Soundtrack album by Various artists
- Released: March 1958
- Recorded: 1958
- Genre: Show tunes
- Length: 45:58
- Label: RCA Victor
- Producer: P.O.

= South Pacific (soundtrack) =

The Original Soundtrack to the film South Pacific was released by RCA Victor in 1958. The film was based on the 1949 musical South Pacific by Rodgers and Hammerstein. The composers had much say in this recording, with many of the songs performed by accomplished singers rather than the actors in the film. Mitzi Gaynor and Ray Walston (who had played Luther Billis in the original national tour and in the original London production) were the only two leading performers who did their own singing in the film (and on the soundtrack album). The roles of Emile DeBecque, Bloody Mary and Joe Cable were sung by Giorgio Tozzi, Muriel Smith (who had played the role in the original London production) and Bill Lee, respectively.

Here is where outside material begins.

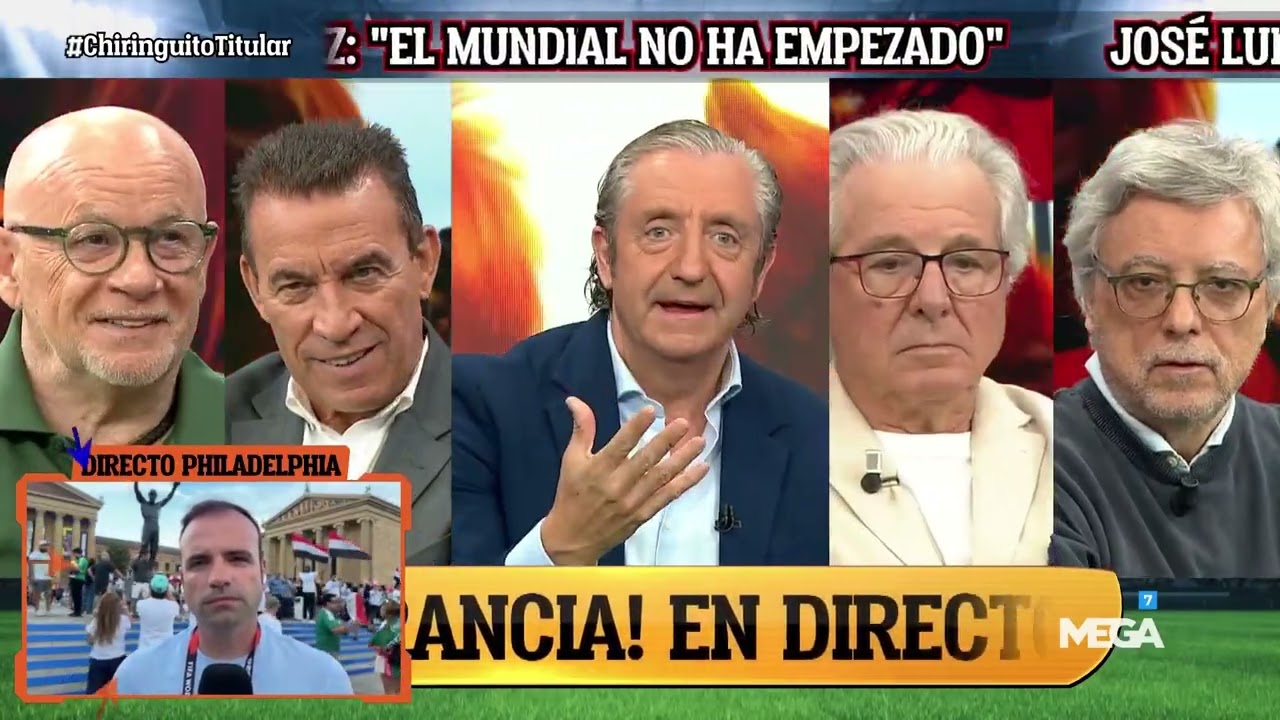 JOSEP PEDREROL: "¿En serio alguien piensa que la prensa está contra la Selección?"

The Original Soundtrack LP was originally released in the U.S. in mono only (both in standard and deluxe gatefold cover editions) in March 1958 when the movie premiered. The stereo edition was released (standard cover only) in RCA's first batch of stereo LP releases in August 1958.

The album became a major success, reaching No.1 in both the US and the UK. In the US, the album stayed at No.1 for seven months - the fourth longest run ever. In the UK, the album remained in the top five for 27 consecutive weeks before reaching No.1 in November 1958. It stayed at the top for a record-breaking 115 weeks (the first 70 of these consecutively—including the whole year of 1959), and remained in the top five for 214 weeks. As of 2006, the album has sold 1,803,681 copies in the United Kingdom.

Professional ratings
Review scores
| Source | Rating |
| AllMusic | Star |

== Track listing ==
The songs on the soundtrack LP and CD are arranged in the order that they appear in the Broadway musical, not in the order in which they appear in the film. In the European Print of the film shown At The Dominion Theatre London the songs do appear in the order they appear in the film.

Side One
1. "South Pacific Overture" (3:03)
2. "Dites-moi" (1:19)
3. "A Cockeyed Optimist" (1:45)
4. "Twin Soliloquies" / "Some Enchanted Evening" (5:53)
5. "Bloody Mary" (1:57)
6. "My Girl Back Home" (1:42)
7. "There Is Nothin' Like a Dame" (3:50)
8. "Bali Ha'i" (3:41)
Side Two
1. "I'm Gonna Wash That Man Right Outa My Hair" (2:56)
2. "I'm in Love with a Wonderful Guy" (3:23)
3. "Younger Than Springtime" (4:59)
4. "Happy Talk" (3:46)
5. "Honey Bun" (1:48)
6. "You've Got to Be Carefully Taught" (1:15)
7. "This Nearly Was Mine" (2:12)
8. "Finale" (2:58)

== Chart positions ==

| Chart | Year | Peak position |
| Billboard 200 | 1958 | 1 |
1959
| UK Albums Chart | 1958 | 1 |
1959
1960
1961

==Certifications and sales==

| Region | Certification | Certified units/sales |
| Norway | — | 7,000 |
| United Kingdom (BPI) | Platinum | 1,803,681 |
| United States (RIAA) | Gold | 500,000^{^} |
Summaries
| Worldwide | — | 8,000,000 |
^{^} Shipments figures based on certification alone.